Remember that the results of the ML model can only be as good as the information contained in the development set. As a corollary, the ML models should not be able to outperform an expert clinician or a panel of expert clinicians, given ample time to make a decision or diagnosis. ML models have recently revealed hitherto unseen new associations often suggesting causality between a risk factor and disease. These reports should be interpreted with caution if not borne out of RCTs. When a model predicts unexpected outputs in test datasets, the same should be confirmed in different patient cohorts to mitigate the effects of confounding factors, artifacts or flaws in study designs.
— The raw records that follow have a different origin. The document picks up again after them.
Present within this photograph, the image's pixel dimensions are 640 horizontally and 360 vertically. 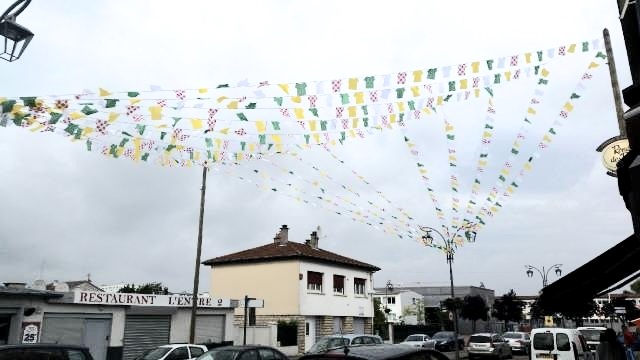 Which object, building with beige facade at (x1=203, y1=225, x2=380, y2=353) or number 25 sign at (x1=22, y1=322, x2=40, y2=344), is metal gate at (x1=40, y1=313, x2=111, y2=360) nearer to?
number 25 sign at (x1=22, y1=322, x2=40, y2=344)

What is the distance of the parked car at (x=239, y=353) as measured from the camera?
1203 cm

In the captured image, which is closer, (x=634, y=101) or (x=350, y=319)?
(x=634, y=101)

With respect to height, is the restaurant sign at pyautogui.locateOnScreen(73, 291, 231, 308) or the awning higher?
the restaurant sign at pyautogui.locateOnScreen(73, 291, 231, 308)

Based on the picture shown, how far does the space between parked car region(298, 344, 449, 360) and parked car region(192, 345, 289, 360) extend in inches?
232

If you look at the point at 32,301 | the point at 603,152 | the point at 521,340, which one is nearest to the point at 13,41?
the point at 603,152

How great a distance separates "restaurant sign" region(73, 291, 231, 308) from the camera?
69.3 ft

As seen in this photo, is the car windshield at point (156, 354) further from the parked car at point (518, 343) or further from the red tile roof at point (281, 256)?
the parked car at point (518, 343)

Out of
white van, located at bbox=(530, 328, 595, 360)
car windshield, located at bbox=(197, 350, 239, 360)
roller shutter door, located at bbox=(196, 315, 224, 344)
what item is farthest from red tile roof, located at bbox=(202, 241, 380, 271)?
car windshield, located at bbox=(197, 350, 239, 360)

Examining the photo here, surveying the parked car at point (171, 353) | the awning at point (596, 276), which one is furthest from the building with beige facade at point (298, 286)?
the awning at point (596, 276)

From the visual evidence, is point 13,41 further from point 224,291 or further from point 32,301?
point 224,291

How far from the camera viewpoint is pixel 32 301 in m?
19.5

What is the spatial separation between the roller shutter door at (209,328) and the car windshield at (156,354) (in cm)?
1025

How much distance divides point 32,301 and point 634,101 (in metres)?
20.6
A model can learn to overfit to development dataset by learning patterns that are too specific to the dataset. For example, a model learnt to classify a skin lesion as malignant if the image had a ruler in it. The model had learnt to recognize the spurious signal of the presence of a ruler in the images of development dataset with increased chances of a cancerous lesion.[27] Similarly, another model learnt to diagnose pneumonia from chest X-rays based on the increased association between a portable X-ray machine used for recording X rays and pneumonia.[40] These are examples of the model adjusting its parameters to spurious signals within the development dataset. The reader must suspect overfitting when there are vast differences in performance metrics of the model between validation and external testing.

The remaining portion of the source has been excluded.